Heute ist der 30.05.2026 und während der Duft von frischem Gras und blühenden Blumen in den Straßen Hamelns liegt, blickt die ganze Republik auf ein bedeutendes Ereignis zurück. Der Festakt zur Verleihung des Hambacher Freiheitspreises hat im Hambacher Schloss stattgefunden, einem Ort, der nicht nur für seine beeindruckende Architektur bekannt ist, sondern auch als symbolischer Geburtsort der deutschen Demokratiebewegung gilt. Hier, wo 1832 etwa 30.000 Menschen für Freiheit und Bürgerrechte protestierten, wurde erneut ein Zeichen für die Werte gesetzt, die uns allen am Herzen liegen.
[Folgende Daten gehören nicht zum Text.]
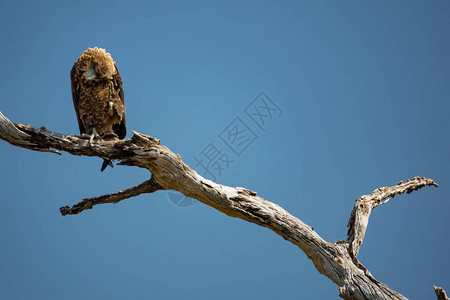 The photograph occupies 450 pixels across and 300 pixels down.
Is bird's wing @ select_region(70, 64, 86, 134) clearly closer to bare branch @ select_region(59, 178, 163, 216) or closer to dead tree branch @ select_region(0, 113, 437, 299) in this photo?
dead tree branch @ select_region(0, 113, 437, 299)

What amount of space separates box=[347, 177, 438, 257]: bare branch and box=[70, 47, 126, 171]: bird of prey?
7.30ft

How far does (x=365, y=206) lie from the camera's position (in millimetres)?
3121

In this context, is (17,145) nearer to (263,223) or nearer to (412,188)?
(263,223)

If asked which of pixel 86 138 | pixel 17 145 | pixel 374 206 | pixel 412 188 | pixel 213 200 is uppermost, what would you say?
pixel 412 188

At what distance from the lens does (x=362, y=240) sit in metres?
2.99

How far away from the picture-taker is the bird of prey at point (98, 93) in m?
3.70

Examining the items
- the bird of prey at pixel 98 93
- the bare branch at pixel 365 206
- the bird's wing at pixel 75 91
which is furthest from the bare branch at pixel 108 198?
the bare branch at pixel 365 206

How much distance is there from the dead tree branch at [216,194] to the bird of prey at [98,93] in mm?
729

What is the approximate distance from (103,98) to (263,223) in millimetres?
2016

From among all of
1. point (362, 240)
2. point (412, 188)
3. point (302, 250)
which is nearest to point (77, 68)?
point (302, 250)

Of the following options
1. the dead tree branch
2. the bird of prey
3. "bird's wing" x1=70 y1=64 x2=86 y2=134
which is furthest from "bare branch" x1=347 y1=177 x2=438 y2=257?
"bird's wing" x1=70 y1=64 x2=86 y2=134

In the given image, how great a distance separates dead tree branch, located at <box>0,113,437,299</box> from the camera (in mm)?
2799

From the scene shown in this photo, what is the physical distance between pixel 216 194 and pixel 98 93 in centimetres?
172

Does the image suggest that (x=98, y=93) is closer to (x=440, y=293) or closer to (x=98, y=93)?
(x=98, y=93)
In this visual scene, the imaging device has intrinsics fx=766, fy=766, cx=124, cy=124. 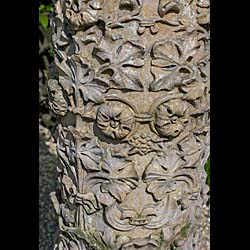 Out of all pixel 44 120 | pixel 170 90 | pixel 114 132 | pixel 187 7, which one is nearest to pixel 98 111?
pixel 114 132

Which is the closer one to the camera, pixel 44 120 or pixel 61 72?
pixel 61 72

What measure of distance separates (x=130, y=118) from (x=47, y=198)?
2023mm

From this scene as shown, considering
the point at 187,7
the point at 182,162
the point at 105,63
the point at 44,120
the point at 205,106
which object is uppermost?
the point at 187,7

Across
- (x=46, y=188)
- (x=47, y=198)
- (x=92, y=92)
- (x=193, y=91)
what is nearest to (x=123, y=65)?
(x=92, y=92)

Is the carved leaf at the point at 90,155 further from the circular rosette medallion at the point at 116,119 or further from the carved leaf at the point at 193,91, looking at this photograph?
the carved leaf at the point at 193,91

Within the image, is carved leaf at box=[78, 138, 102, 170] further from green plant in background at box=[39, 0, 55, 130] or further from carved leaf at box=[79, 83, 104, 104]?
green plant in background at box=[39, 0, 55, 130]

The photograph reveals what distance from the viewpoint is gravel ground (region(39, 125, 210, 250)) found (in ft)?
12.4

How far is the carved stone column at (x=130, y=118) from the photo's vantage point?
2.22 m

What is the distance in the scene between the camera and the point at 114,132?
2.25 meters

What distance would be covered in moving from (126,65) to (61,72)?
0.24m

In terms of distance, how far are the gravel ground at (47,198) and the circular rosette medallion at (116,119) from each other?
3.40 feet

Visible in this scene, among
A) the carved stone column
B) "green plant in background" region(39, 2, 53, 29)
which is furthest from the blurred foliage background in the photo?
the carved stone column

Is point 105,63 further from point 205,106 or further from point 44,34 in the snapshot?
point 44,34

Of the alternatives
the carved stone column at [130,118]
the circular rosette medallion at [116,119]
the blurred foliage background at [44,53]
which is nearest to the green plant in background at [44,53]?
the blurred foliage background at [44,53] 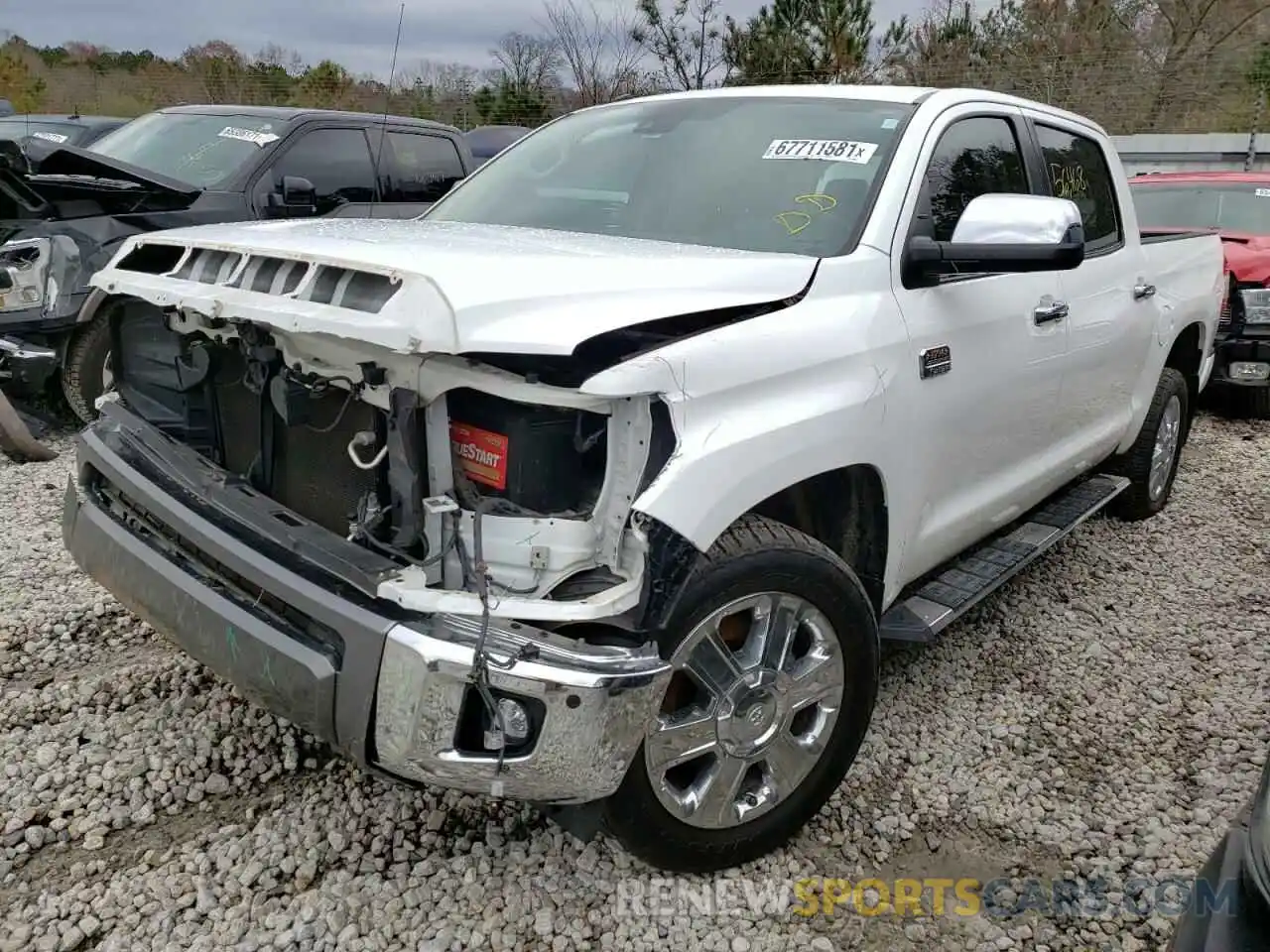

Bundespräsident Frank-Walter Steinmeier ergriff das Wort und brachte seine Besorgnis über den Druck zum Ausdruck, dem Demokratie, Rechtsstaat und unabhängige Institutionen weltweit ausgesetzt sind. Er warnte eindringlich vor autoritären Regierungen, die versuchen, die Grundlagen unserer Gesellschaft – Medien, Kultur und Justiz – zu untergraben. „Wir dürfen uns nicht hilflos ausgeliefert fühlen“, sagte Steinmeier, „denn wir haben die Macht, mit unserer Stimme zu entscheiden.“ Ein Appell, der in der gegenwärtigen politischen Landschaft mehr denn je notwendig ist.
Ein Preis für den Mut
Geehrt wurde der polnische Verfassungsrechtler Adam Bodnar, der nicht nur als ehemaliger Justizminister, sondern auch als leidenschaftlicher Kämpfer für Menschenrechte und Demokratie in Erinnerung bleibt. Seine Warnungen vor den Gefahren für die Unabhängigkeit demokratischer Institutionen haben in der letzten Zeit an Bedeutung gewonnen. Steinmeier würdigte Bodnar mit den Worten: „Er engagiert sich gegen Eingriffe in die Justiz und setzt sich unermüdlich für die Werte ein, die wir alle schätzen.“ Der Hambacher Freiheitspreis, der mit 10.000 Euro dotiert ist und bereits zum dritten Mal verliehen wurde, ist nicht nur eine Auszeichnung, sondern auch ein Zeichen der Solidarität mit all jenen, die für die Freiheit eintreten.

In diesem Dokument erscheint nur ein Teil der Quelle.